Supplied information =>

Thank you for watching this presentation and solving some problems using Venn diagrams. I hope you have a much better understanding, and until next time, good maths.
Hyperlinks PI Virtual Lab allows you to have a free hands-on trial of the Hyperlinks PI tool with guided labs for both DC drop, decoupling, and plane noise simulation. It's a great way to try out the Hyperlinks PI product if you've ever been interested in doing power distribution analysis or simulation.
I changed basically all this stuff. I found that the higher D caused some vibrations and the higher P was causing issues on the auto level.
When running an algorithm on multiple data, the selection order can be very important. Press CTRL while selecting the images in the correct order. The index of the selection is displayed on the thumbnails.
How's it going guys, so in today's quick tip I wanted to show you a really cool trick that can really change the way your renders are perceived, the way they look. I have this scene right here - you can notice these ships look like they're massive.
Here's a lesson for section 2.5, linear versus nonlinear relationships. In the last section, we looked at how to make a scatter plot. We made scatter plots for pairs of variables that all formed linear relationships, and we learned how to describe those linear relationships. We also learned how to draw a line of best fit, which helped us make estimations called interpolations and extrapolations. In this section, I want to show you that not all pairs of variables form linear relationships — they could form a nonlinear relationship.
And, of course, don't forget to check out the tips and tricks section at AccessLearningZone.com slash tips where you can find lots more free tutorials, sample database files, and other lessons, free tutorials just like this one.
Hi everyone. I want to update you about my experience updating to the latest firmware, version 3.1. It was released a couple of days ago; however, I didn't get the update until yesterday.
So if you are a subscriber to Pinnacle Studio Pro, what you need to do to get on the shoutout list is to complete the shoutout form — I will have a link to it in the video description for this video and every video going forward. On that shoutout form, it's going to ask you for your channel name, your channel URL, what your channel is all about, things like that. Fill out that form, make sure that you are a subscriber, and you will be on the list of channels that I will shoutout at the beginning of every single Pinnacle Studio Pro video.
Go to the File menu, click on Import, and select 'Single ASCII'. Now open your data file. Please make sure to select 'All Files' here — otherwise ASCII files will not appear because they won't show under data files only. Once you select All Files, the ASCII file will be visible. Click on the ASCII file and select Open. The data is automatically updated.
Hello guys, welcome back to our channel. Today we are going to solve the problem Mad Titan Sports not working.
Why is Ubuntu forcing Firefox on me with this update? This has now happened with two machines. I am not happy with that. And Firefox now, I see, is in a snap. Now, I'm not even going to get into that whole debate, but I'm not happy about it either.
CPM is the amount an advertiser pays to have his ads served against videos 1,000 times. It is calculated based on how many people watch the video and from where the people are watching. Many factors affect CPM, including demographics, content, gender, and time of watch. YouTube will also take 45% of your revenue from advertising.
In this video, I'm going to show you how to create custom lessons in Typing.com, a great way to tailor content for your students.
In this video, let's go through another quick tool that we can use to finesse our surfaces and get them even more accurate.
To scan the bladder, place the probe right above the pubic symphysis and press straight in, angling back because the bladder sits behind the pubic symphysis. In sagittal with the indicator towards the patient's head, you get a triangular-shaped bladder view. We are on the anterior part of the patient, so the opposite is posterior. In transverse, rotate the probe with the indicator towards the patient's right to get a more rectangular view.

Your instructions => Looking at the records above, count the lines where the word "back" appears. State only the number.

Worked solution => 2